Artikel 32a. In dit nieuwe artikel wordt bepaald dat gedurende de periode dat een graf niet geruimd mag worden het artikel 20, eerste lid, aanhef en onder e en f, van Boek 5 van het Burgerlijk Wetboek niet van toepassing is op hetgeen op het graf is geplaatst. Dit artikel van het Burgerlijk Wetboek betreft de natrekking. In 2002 heeft de Hoge Raad de uitspraak gedaan dat graftekens (van graven met uitsluitend recht als bedoeld in artikel 28 Wet op de lijkbezorging) middels natrekking in eigendom toebehoren aan de eigenaar van de grond. De consequentie van deze uitspraak was dat de begraafplaats als eigenaar van grafmonumenten

(4)

aansprakelijk was voor de schade die het grafmonument aan een ander grafmonument of aan een ander object, mens of dier aanbrengt (risicoaansprakelijkheid). Het nieuwe wetsartikel legt de eigendom en daarmee ook de risicoaansprakelijkheid van de graftekens bij de rechthebbende.

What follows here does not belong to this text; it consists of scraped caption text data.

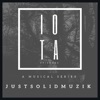 JustSolidMuzik - Zipline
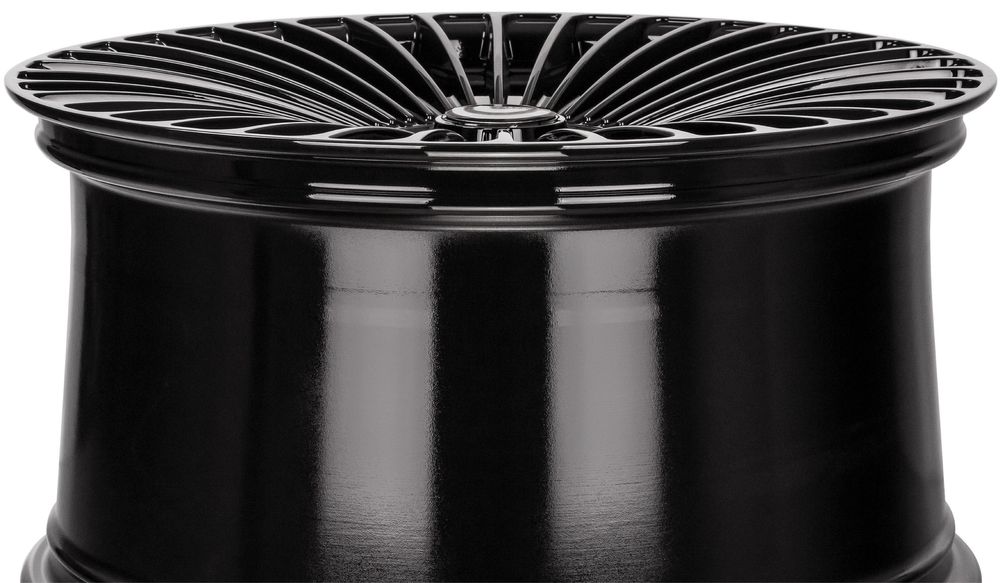 Джанти за Mercedes 20" 5x112 W222 W221 W223 W218 W213 ML W257 Maybach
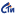 sti-uralsib.ru favicon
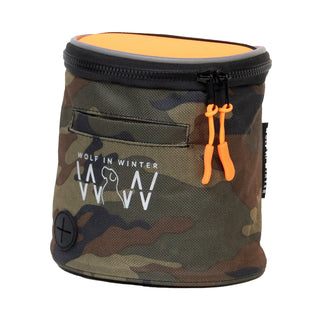 QuickDraw® Treat Pouch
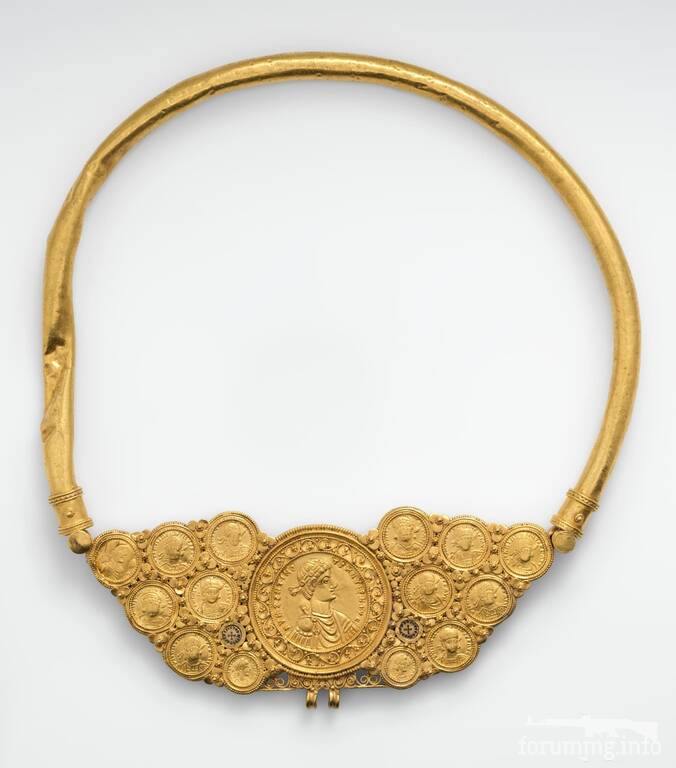 165635 - Офіцерський Клуб полку ММГ-"Собиратель"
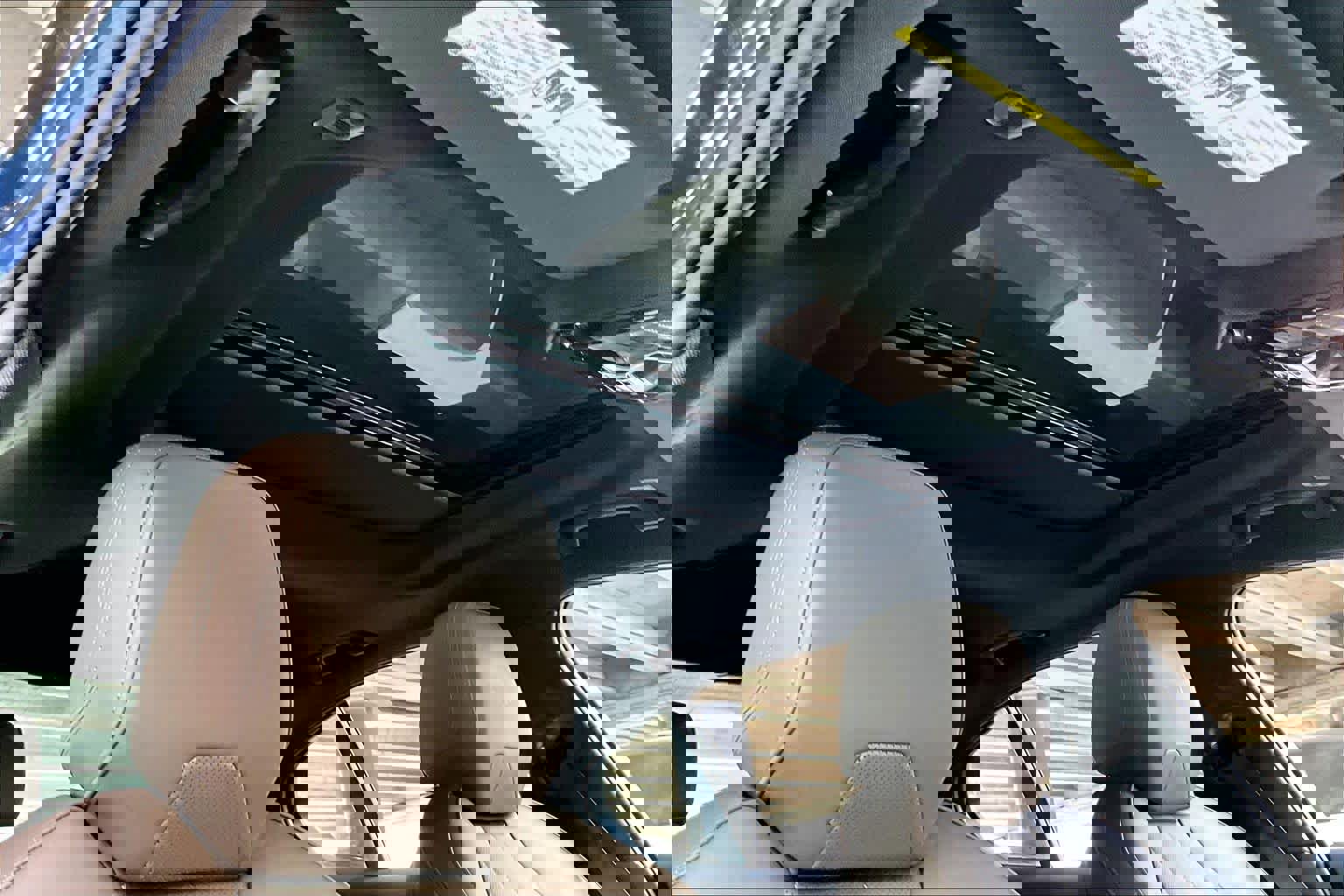 Used 2024 BMW 530i image 13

3.2. Vermindering administratieve lasten

Vele zaken zijn in de verordening geregeld door middel van een meldingsplicht, zoals het houden van plechtigheden (art. 5), het doen begraven en het doen bijzetten of doen

verstrooien van as en het door de nabestaanden zelf openen en sluiten van een graf (art.7).

Een melding genereert weinig administratieve lasten.

Slechts in twee gevallen dient een vergunning te worden aangevraagd, voor het aanbrengen van een grafkelder (art. 15) en voor het hebben van een grafbedekking (art. 19).

De vergunningsplicht voor het hebben van een grafbedekking is gehandhaafd. Controle achteraf met als uiterste consequentie correctie is, juist bij grafbedekkingen, ongewenst. Het ontwerpen, de aanschaf en de plaatsing van een grafmonument gaat doorgaans met emoties gepaard. Wanneer achteraf blijkt dat het monument niet aan de eisen voldoet is het ondoenlijk om nabestaanden alsnog te vragen het gedenkteken aan te passen ofte verwijderen.

De toestemming van het college, zoals vereist voor steenhouwers, hoveniers etc. die werkzaamheden op de begraafplaats willen verlichten is vervallen. De beheerder heeft immers al de bevoegdheid tegen ongewenste praktijken op te treden, volgens artikel 4 eerste en tweede lid van de verordening. Ook worden met de steenhouwers, hoveniers etc. afspraken gemaakt over de wijze van werken op de begraafplaatsen. Afschaffing van het toestemmings- vereiste leidt tot vermindering van de administratieve en bestuurlijke lasten.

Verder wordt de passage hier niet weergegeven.